Elise tersenyum lebar saat menatap pria yang kini tengah memeluknya. Brian menepati janjinya yang akan ada di sampingnya saat Elise membuka mata. Elise menatap wajah tampan dan lelah itu. Pria itu tengah tidur. Elise tak tau kapan Brian pulang. Tapi itu tak masalah untuknya. Elise mendekat dan memeluk Brian dengan erat. Elise tak perduli jika orang lain akan mengatakan bahwa dia egois dengan meminta Brian seperti ini. Tapi dia memang ingin Brian selalu di sisinya. Karena dia sangat mencintai pria itu.

....

Hari-hari berikutnya terjadi seperti perkiraan. Brian akan selalu datang ke apartemen setiap malam diatas jam sepuluh. Menyentuh Elena beberapa ronde dan tertidur di sisinya. Lalu saat pagi Elena tak akan pernah menemukan keberadaan pria itu di sampingnya. Seakan dia tak pernah tidur di samping Elena. Dan hampir seminggu mereka terus menerus berhubungan intim. Elena bahkan membalas semua cumbuan Brian. Dia meyakinkan dirinya jika apa yang mereka lakukan hanya sebatas sex, hanya itu tak lebih. Karena Elena menikmati big orgasme yang selalu dia dapatkan dari Brian.

Malam ini adalah malam terakhir dari jadwal masa subur Elena. Sudah tiga jam berlalu dari mereka bergumul di atas ranjang, tapi mereka belum berhenti. Elena sudah berkali-kali diterjang orgasme hebatnya. Dan Brian sudah dua kali menyemburkan benihnya, tapi pria itu masih belum berhenti. Ini sudah ronde ketiga dan Brian masih memiliki semangat tinggi menggempur dan menghentak Elena. Pinggulnya bergerak menghentak tubuh Elena berkali-kali dari arah belakang. Mendorong tubuh Elena setiap kali dia menyentak tubuhnya masuk begitu dalam. Mencengkram pinggul Elena erat yang kini tengah menungging ke arahnya.

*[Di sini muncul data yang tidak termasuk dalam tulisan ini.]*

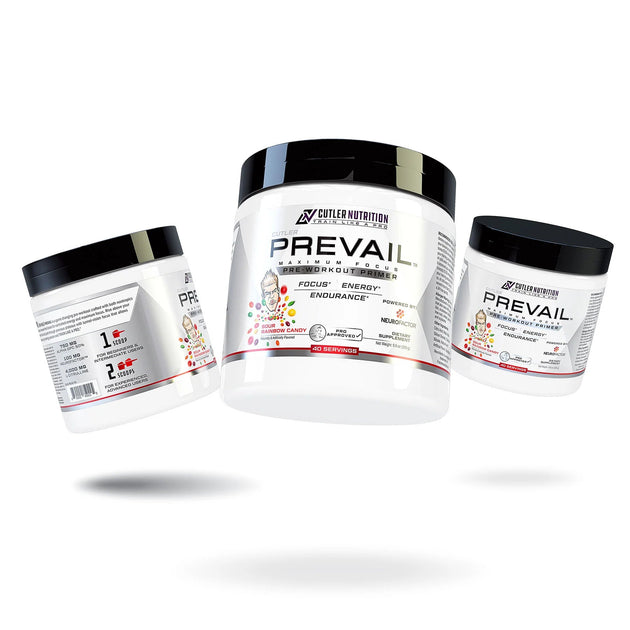 cutler nutrition sculpt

Sejak malam ketiga Brian mulai menyentuh Elena dengan gaya yang berbeda-beda. Dan Elena menyukai gaya yang saat ini Brian lakukan. Dia tak perlu menatap Brian, dan ... Brian masuk begitu dalam di tubuhnya. Begitu nikmat hingga sekujur tubuhnya gemetar. Kepala Elena terkulai diatas bantal. Dia sangat lelah, tapi tak bisa menolak ataupun menghentikan Brian. Tubuhnya seakan selalu siap menerima pria itu. Tenggorokan Elena bahkan serak karena sejak tadi hanya mendesah pasrah.

Brian semakin brutal bergerak saat puncak itu semakin dekat. Tubuh Elena ikut bergoyang akibat perbuatannya. Hentakan semakin kuat, kuat dan kuat. Oh astaga, Elena menjerit diiringi desahan panjang dan di belakangnya Brian juga mengerang nikmat. Dan sesekali masih bergerak untuk mengeluarkan semua benihnya dan menumpahkan dalam diri Elena. Lalu sedetik kemudian dia ambruk menindih tubuh Elena yang tengkurap di atas ranjang.

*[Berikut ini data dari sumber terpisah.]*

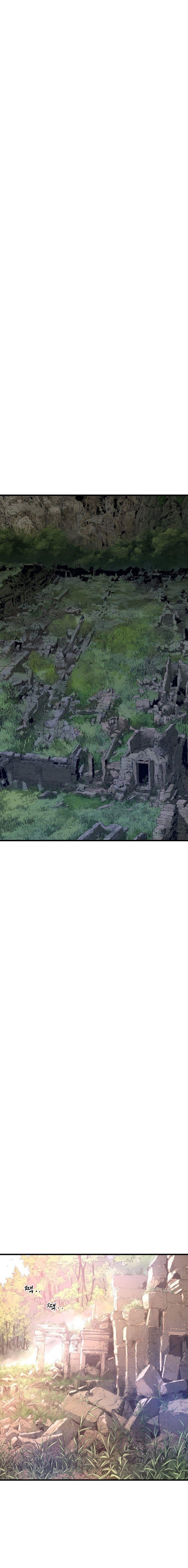 Asura (Moon Jeong-Hoo) Chapter 01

Deru napas mereka memburu begitu kuat, menarik napas dalam dan menghembuskannya, mencoba menormalkan laju napas mereka. Brian dengan pelan berguling ke sisi kanan Elena. Tangan besar Brian yang memeluk perut Elena membuat wanita itu berbaring miring dan rapat ke tubuhnya.